DataFactory Setup To Use a Private Network

Copper Contributor

Hi.  I have a Pipeline that executes an SSIS package (through the SSIS-IR).  This package uses a C# Script to call a web service to get data and transfer it into an Azure SQL Database.  I have a requirement to execute this on a private secure network.   I have researched solutions and found information about a private link IR (sorry, that may not be the exact terminology).  And have my SSIS-IR reference that private link IR. 

 

Is this the proper solution?  Will it give me a secure/private "tunnel" for the data that is received from the API back to the Azure SQL Database? 

 

Is there a way to setup the subscription to use only a private network for all incoming and outgoing traffic?  That way if data is transferred without using the SSIS-IR it will not be exposed to public addresses?

 

I appreciate suggestions and recommendations, or links to KB articles about using private networks from Azure Cloud Resources.

Thank you.

1 Reply
Hi Paula,
For the connectivity from the mentioned API being secure, that would focus around transport layer security (TLS) unless you had another private means to use the API. As long as you are using HTTPS and credentials it will provide two layers of security as such. Credentials can also be replaced with a client certificate for connectivity (public/private key pair; mutual auth) if the API host has the option for it, which is better than basic auth (username+password) IMHO but can be complicated to put in place.
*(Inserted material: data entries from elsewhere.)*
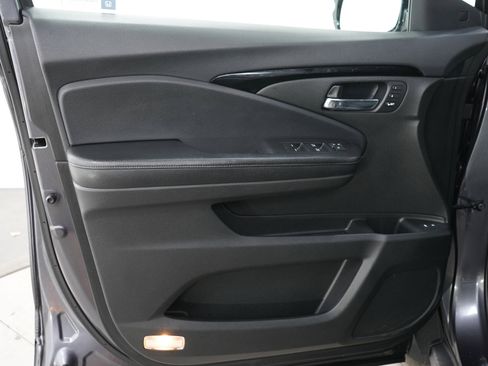 Used 2017 Honda Pilot Elite image 26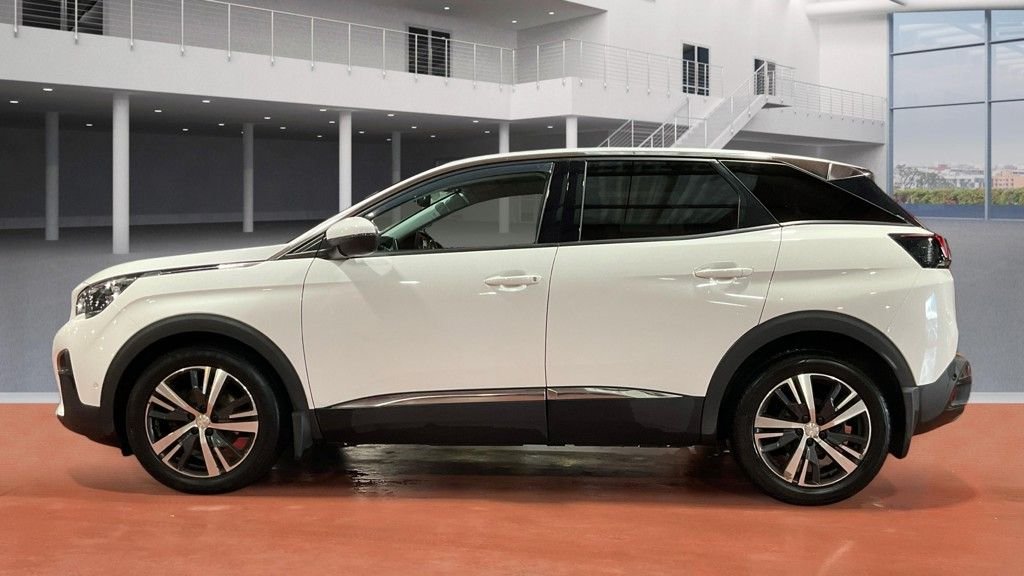 Used Peugeot 3008 2018 for sale - 77328375: Photo 6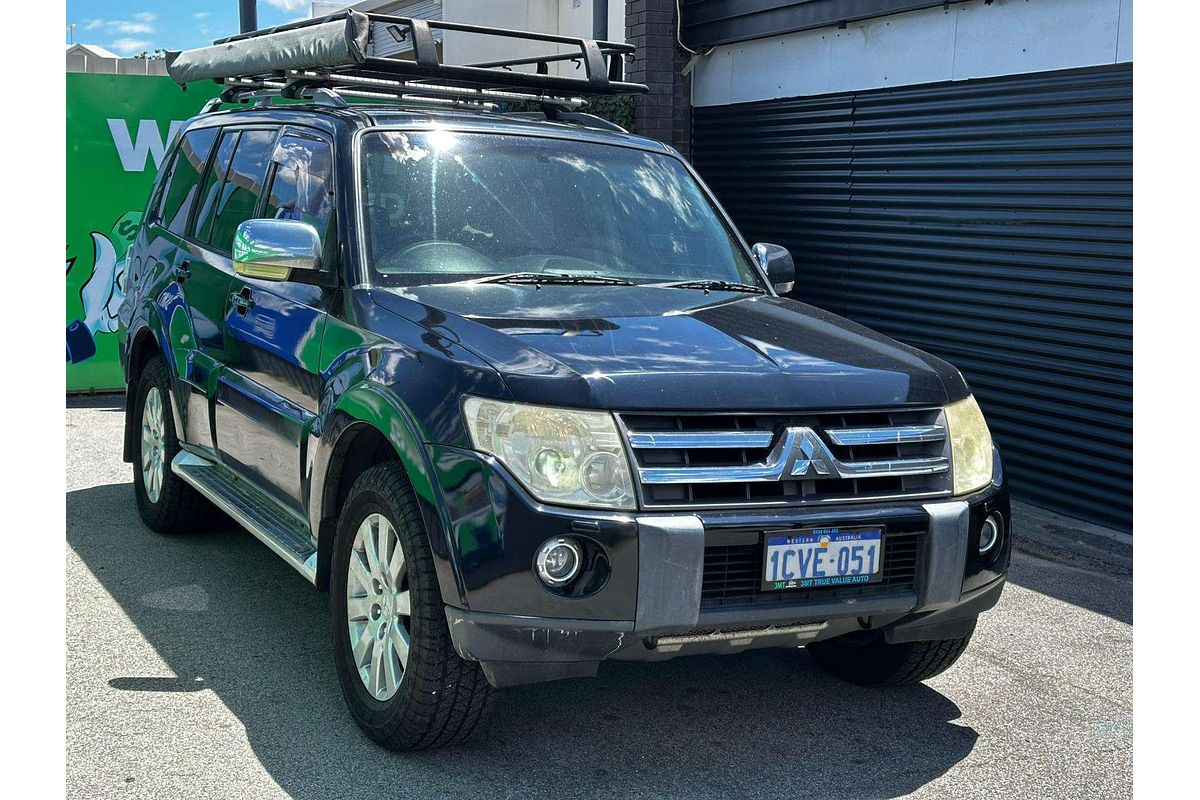 2007 Mitsubishi Pajero Exceed NS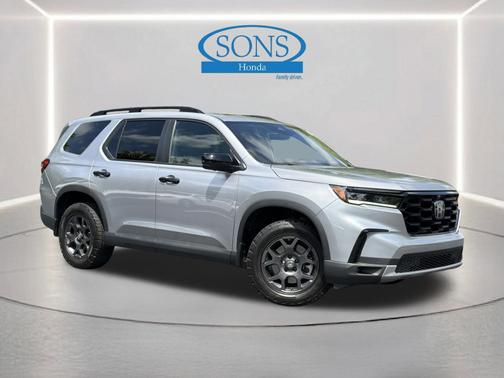 Lunar Silver Metallic 2025 Honda Pilot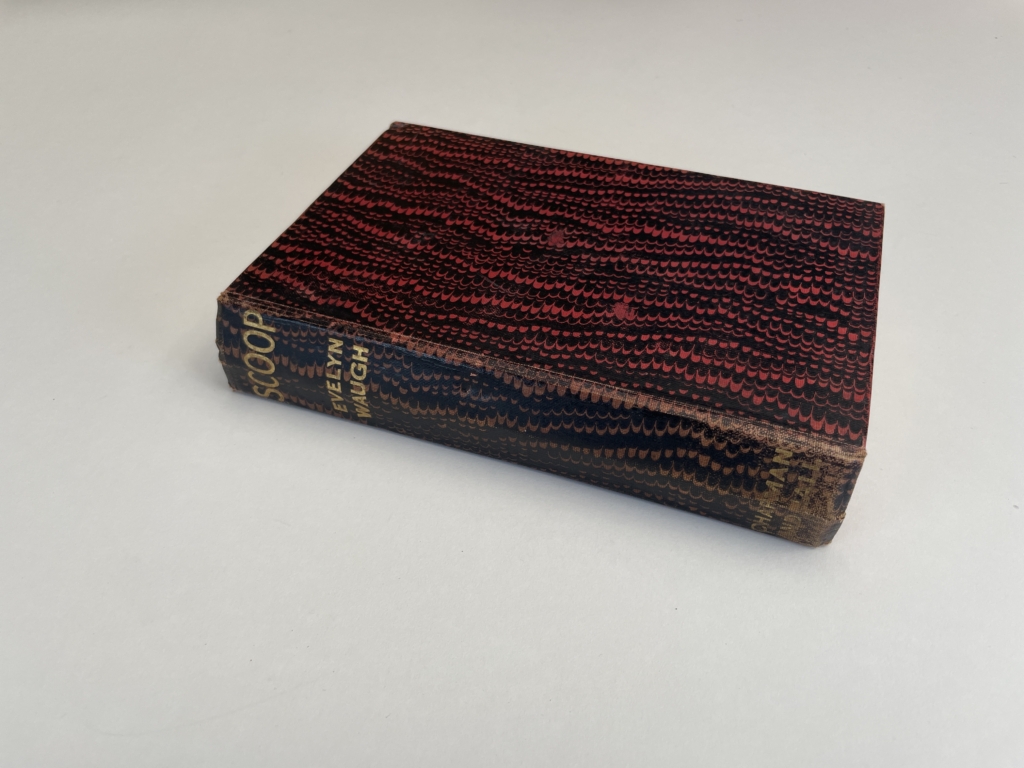 evelyn waugh scoop signed first 4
For the ADF runtime you can use a SSIS package to pull the data in, otherwise you can go native and use something like the following:
https://docs.microsoft.com/en-us/azure/data-factory/connector-rest
This should achieve the same result without the need for a package. If you haven't seen it already there is a quickstart with an example here:
https://docs.microsoft.com/en-us/azure/data-factory/quickstart-create-data-factory-rest-api

In respect to clarifying terminology around "secure" and "private" the requirements from the person, client or people asking would need to happen. When Microsoft services are talking to each other for Azure services, it will stay within Microsoft (MS) backbone network(s) and if in the same region, in the same datacenter. It wont traverse out to public infrastructure outside the MS edge. The only point this may occur from the example mentioned, is if the API exist outside of Microsoft's services and or hosting (i.e. AWS, GPC, local providers, etc...). Then it would be over "public" infrastructure from ADF to the API, but secured in transit (HTTPS/TLS + credentials/keys for access).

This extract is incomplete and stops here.